4. Some articles based on carbon dots could improve its literature review like, https://doi.org/10.1021/acsanm.0c02305; DOI: 1039/D1NA00447F; https://doi.org/10.1016/j.snb.2017.06.068.
5. Author wrote ‘…while for larger numbers of layers the stacking breaks down into multiaxial stacked structures.’ What does it signify?
6. Could the author infer about the surface charge of the CDs prepared for both doped and undoped?

Author Response

We thank the referee for taking the time to review our work. We appreciate the comments and suggestion of the referees that have contributed to clarify some aspects of the report and improve the overall quality of the revised manuscript. In the following a point-by-point response to the comments of the reviewers is given.

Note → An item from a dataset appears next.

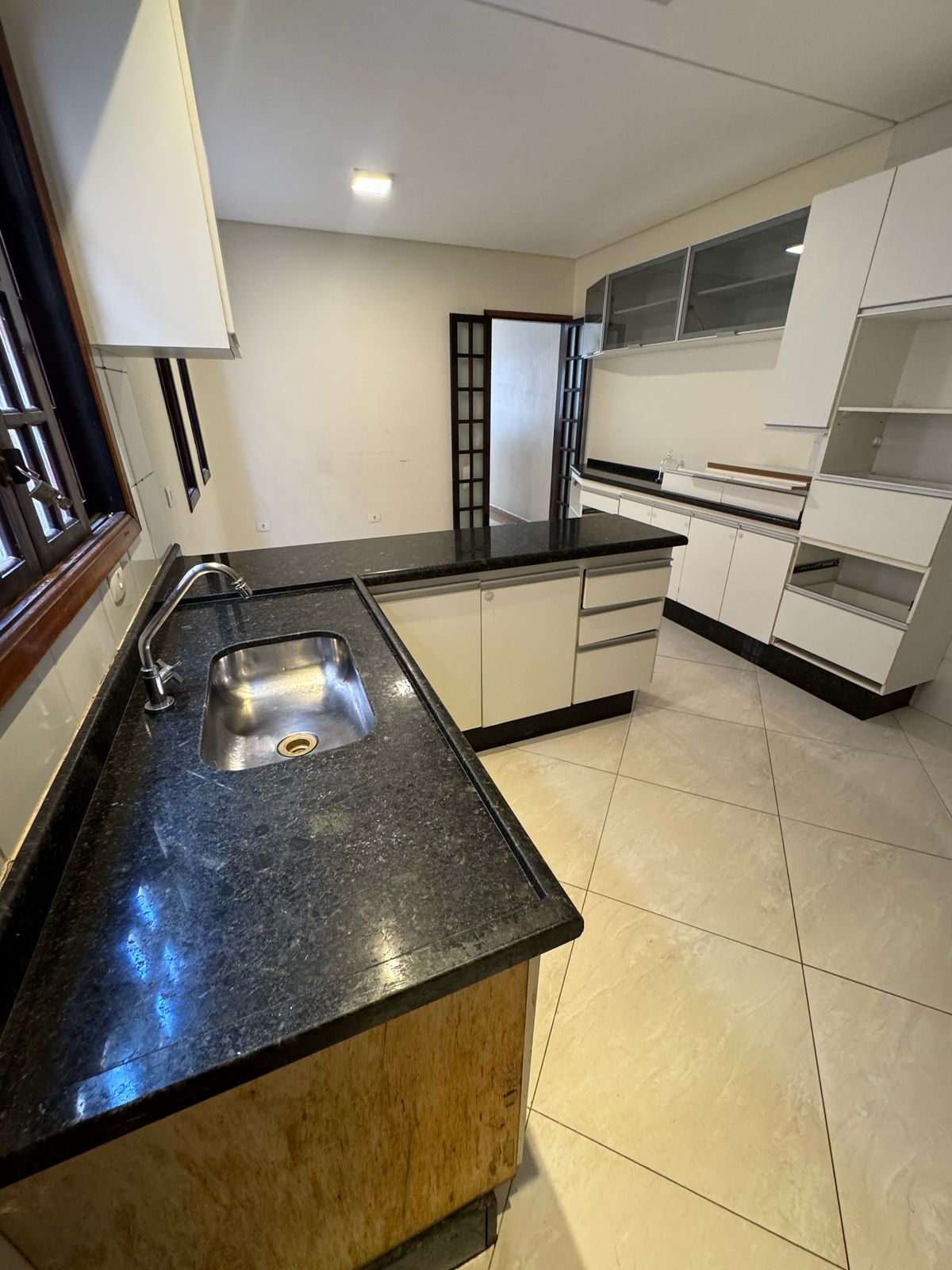 Sobrado(125m2)- 4 quartos(1 suíte)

1. First of all, the aim of the work should be rewritten.
   
   On page 2 L 85-86, we have revised the aim of the manuscript to better convey the scope and novelty of the work.
   
   2. How Eu affect the quantum yield of the CDs? Any reason for this?
   
   In page 8, lines 326-330, we discuss that the luminescence quantum yield of Eu-Cdots (ΦEu-Cdots = 0.013)  is slightly lower than that of undoped Cdots due to energy transfer from the Cdots to the weakly emissive Eu³⁺.
   
   3. Why only Hg is sensed? What is the mechanism behind this? Is it chelation based or some other effects? Those should be cleared.
   
   The Eu-Cdots have a much stronger response towards Hg²⁺, but they can sense the presence of both Hg²⁺ and Ag⁺ in different ways. In both cases the emission of the Cdots is quenched, while the emission of Eu³⁺ is quenched in the presence of Hg²⁺ and remains unchanged in the presence of Ag⁺. The mechanism of sensing is discussed in page 11, section 3.4 Mechanistic insight.  Interaction of the dots with the metals involves mainly the formation of non-emissive complexes. The exact mechanism of quenching (spin-orbit coupling and/or charge/electron transfer) cannot be elucidated without further information from transient absorption experiments that is currently beyond our reach. Additionally, the quenching by Ag⁺ silver has also a contribution from dynamic quenching. The stronger quenching due to Hg²⁺ quenching is correlated with the possibility of Hg²⁺ to replace Eu³⁺ not only at the surface of the dots but also in the interlayer spacing, which must require a fine balance between charge, size of the ions and also the preferred coordination geometry.
   
   4. Some articles based on carbon dots could improve its literature review like, https://doi.org/10.1021/acsanm.0c02305; DOI: 1039/D1NA00447F; https://doi.org/10.1016/j.snb.2017.06.068.
   
   Application in sensing of Cdots is indeed a hot topic of research where interesting reviews have been published recently. We have revised the cited references by adding the suggested references.
   
   5. Author wrote ‘…while for larger numbers of layers the stacking breaks down into multiaxial stacked structures.’ What does it signify?
   
   “multiaxial stacked structures” means that we start to see multiple stacks with different orientations. The meaning of this expression has been clarified on page 9, line 368
   
   6. Could the author infer about the surface charge of the CDs prepared for both doped and undoped?
   
   Due to the high number of oxygenated species at the surface of the Cdots and Eu-Cdots, with a strong contribution from carboxylates in both, and carbonates  in Eu-Cdots a negative surface charge can be inferred in both cases. The relatively low amount of Eu³⁺(~6 wt%) does not reduce significantly the Cdots surface charge as proven by the stability of the Eu-Cdots dispersion. We have included a comment on the surface charge in page 6, Lines 241-244.

Round 2

Reviewer 1 Report

It can be accepted.

Reviewer 3 Report

The comments are taken care by the authors. Hence, it can be published in its present form.